• [Instructions to follow]
Please reproduce the following records exactly, with nothing omitted.

************

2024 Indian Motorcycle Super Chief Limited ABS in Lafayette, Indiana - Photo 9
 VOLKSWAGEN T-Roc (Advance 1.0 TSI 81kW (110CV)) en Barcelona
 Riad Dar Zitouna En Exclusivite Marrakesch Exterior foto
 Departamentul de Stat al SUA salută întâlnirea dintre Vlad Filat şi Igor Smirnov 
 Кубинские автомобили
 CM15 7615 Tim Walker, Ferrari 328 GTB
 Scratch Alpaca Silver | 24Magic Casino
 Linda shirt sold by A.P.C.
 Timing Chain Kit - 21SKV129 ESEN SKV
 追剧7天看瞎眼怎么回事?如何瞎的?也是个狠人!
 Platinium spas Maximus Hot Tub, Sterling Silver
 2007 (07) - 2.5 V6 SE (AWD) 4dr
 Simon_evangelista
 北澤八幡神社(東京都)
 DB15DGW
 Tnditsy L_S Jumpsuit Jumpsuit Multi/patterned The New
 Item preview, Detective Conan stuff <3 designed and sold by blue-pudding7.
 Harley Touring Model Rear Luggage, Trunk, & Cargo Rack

************

• [Expected answer]
2024 Indian Motorcycle Super Chief Limited ABS in Lafayette, Indiana - Photo 9
 VOLKSWAGEN T-Roc (Advance 1.0 TSI 81kW (110CV)) en Barcelona
 Riad Dar Zitouna En Exclusivite Marrakesch Exterior foto
 Departamentul de Stat al SUA salută întâlnirea dintre Vlad Filat şi Igor Smirnov 
 Кубинские автомобили
 CM15 7615 Tim Walker, Ferrari 328 GTB
 Scratch Alpaca Silver | 24Magic Casino
 Linda shirt sold by A.P.C.
 Timing Chain Kit - 21SKV129 ESEN SKV
 追剧7天看瞎眼怎么回事?如何瞎的?也是个狠人!
 Platinium spas Maximus Hot Tub, Sterling Silver
 2007 (07) - 2.5 V6 SE (AWD) 4dr
 Simon_evangelista
 北澤八幡神社(東京都)
 DB15DGW
 Tnditsy L_S Jumpsuit Jumpsuit Multi/patterned The New
 Item preview, Detective Conan stuff <3 designed and sold by blue-pudding7.
 Harley Touring Model Rear Luggage, Trunk, & Cargo Rack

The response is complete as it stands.